A few minutes ago, one of our smoke detectors activated. A nearby compact fluorescent light bulb was flickering and pouring out white smoke. Wow those things smell bad and get really hot when they die.
Is this a normal failure? It seems kind of dangerous.
1. If the bulb was base up, this can happen on cheaper styles as they don't use high temp components. This can also happen if the lamp is in a high-vibration area.
2. If it was a non-dimmable CFL on a motion detector or dimmer circuit, this can happen - and it can overheat your dimmer or motion detector as well.
3. CFL's - like ALL fluorescent lamps - including the tube ones in your shop or kitchen - have tiny amounts of mercury. As far as phosphorus, any CRT (tube) monitor for a television or computer has MUCH more phosphorus (as well as lead, cadmium and a bunch of other nasties).
4. 80% of the lamps in my home are CFL's - I hate them, my wife hates them, but we have seen the effects on the electric bill and we use them in almost every room of the house.
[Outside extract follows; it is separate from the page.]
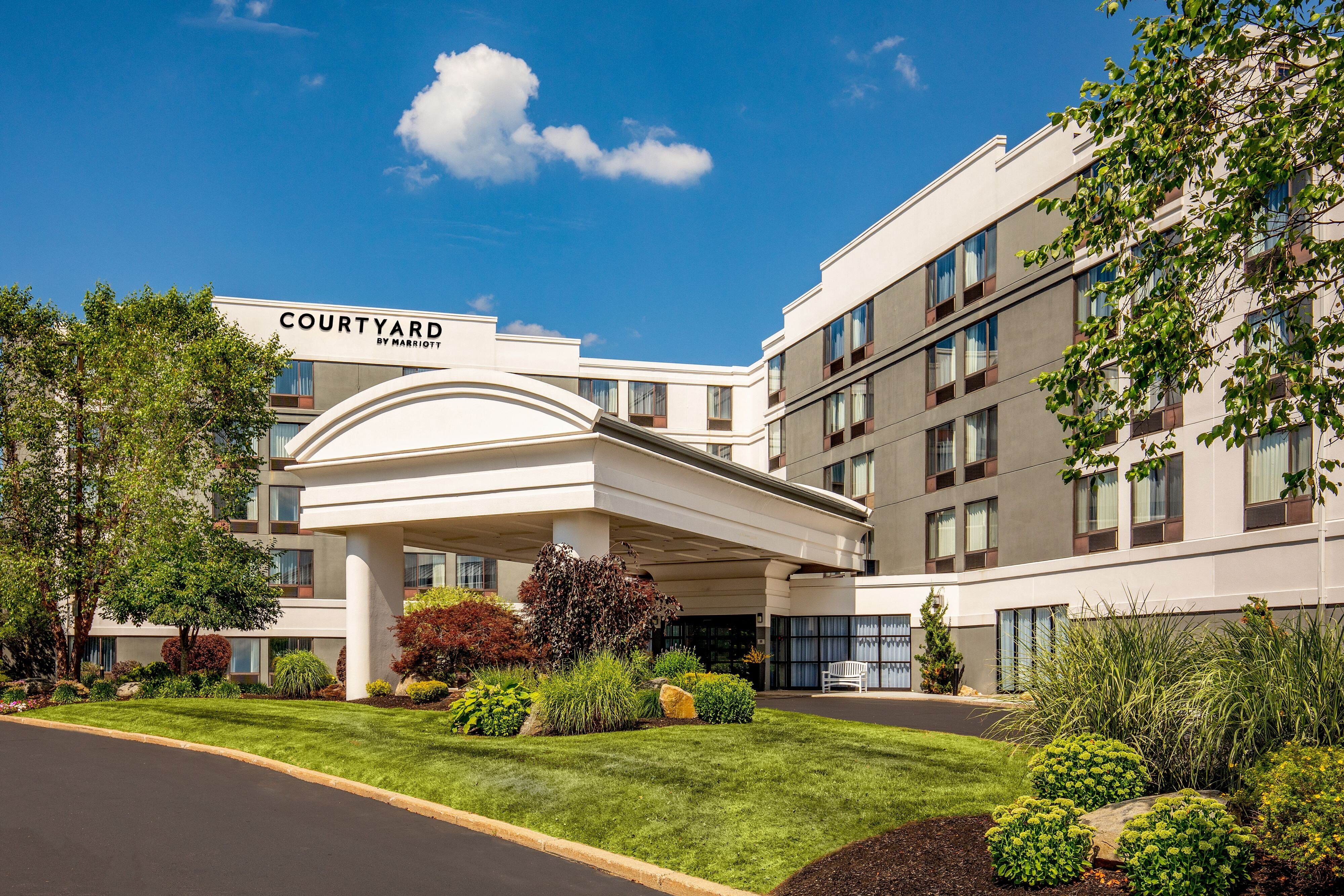 Courtyard Boston Marlborough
5. I now use LED lights in my office, I like these much better than CFL's, but I need 5x more lamps to get to the same lighting levels I had with CFL's, so I have a fairly heavy investment there. They are cool to the touch, they dim (in a slightly odd way) they burn at any angle with no problems and they use so much less electric that it's incredible. My office went from 3 60w incandescents (180 watts) to 3 12 Watt CFL's (36 watts) to 15 3W LED's (45W). I am gradually replacing outdoor lighting with LED's, and my son just likes the cool blue version of LED and that's all he uses in his room.